- [Activity] An exact transcription of all the data is required; the pictures are to be left out.

Captioned web images
────────────────
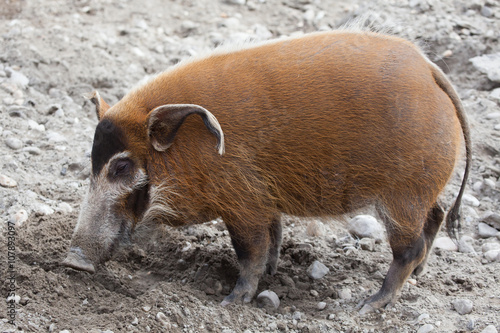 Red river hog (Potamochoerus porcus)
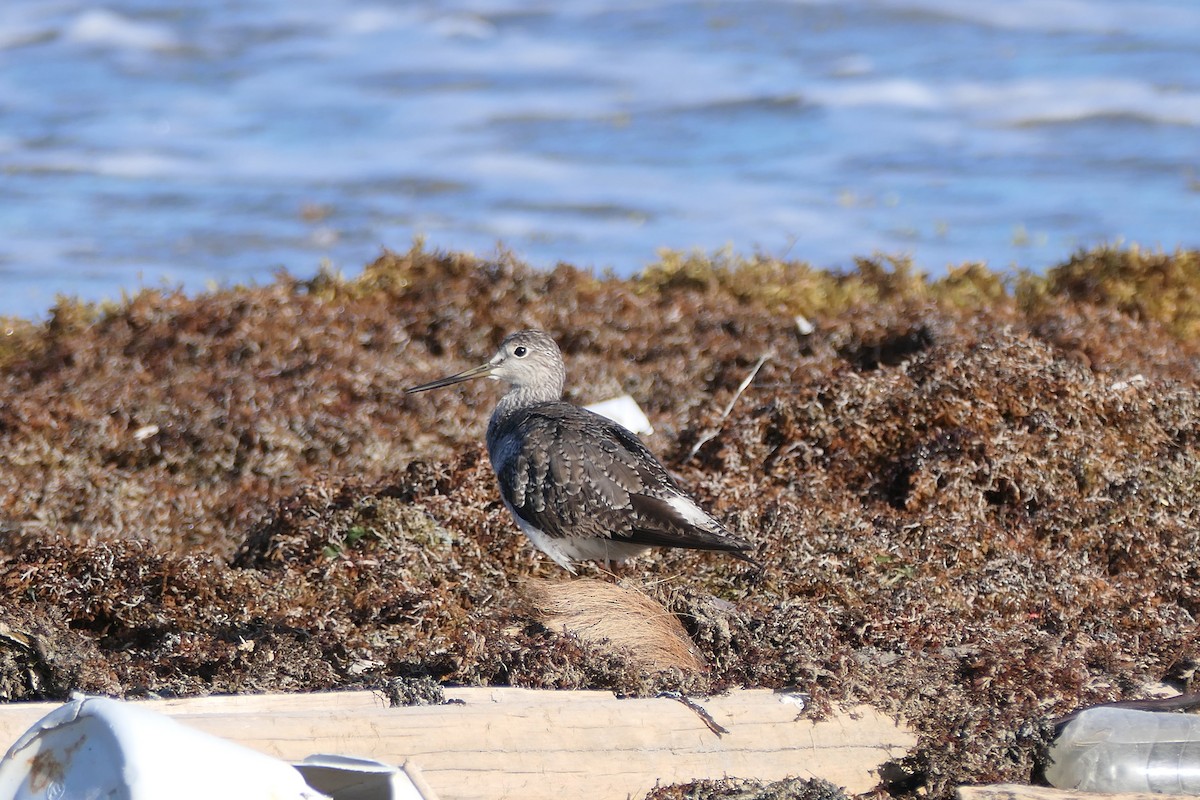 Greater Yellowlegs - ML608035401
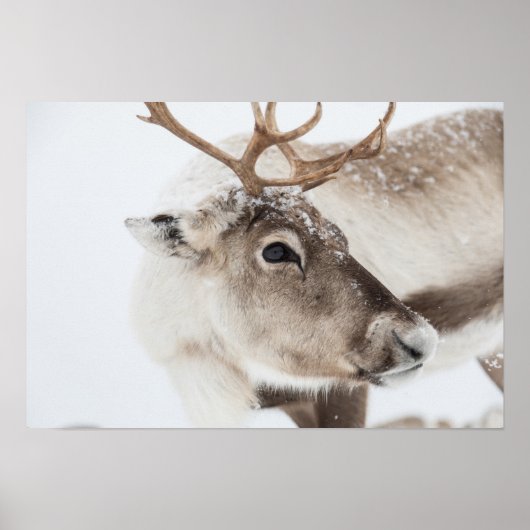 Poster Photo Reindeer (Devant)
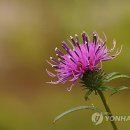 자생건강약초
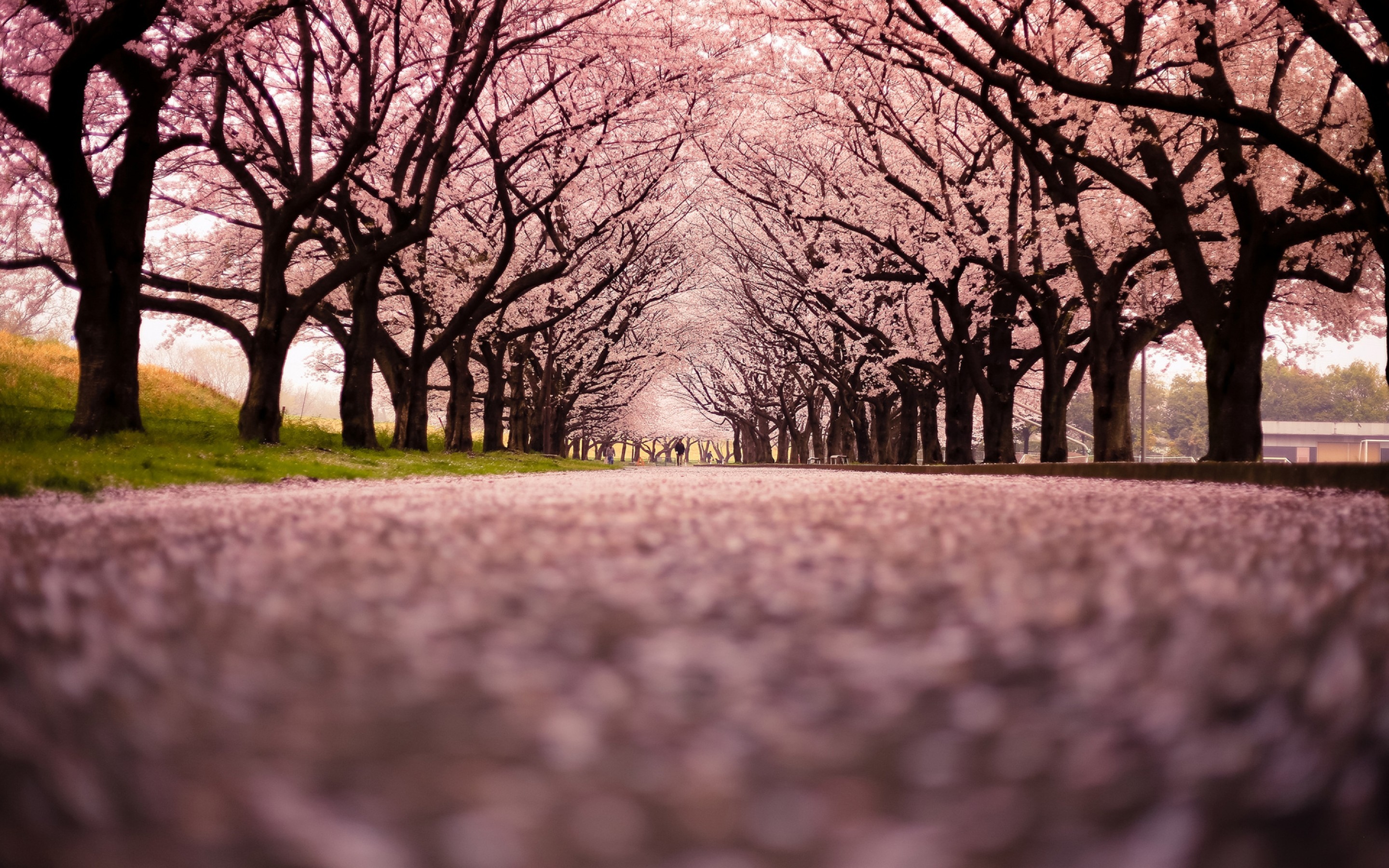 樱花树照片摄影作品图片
────────────────
- [Answer to the exercise]
 Red river hog (Potamochoerus porcus)
 Greater Yellowlegs - ML608035401
 Poster Photo Reindeer (Devant)
 자생건강약초
 樱花树照片摄影作品图片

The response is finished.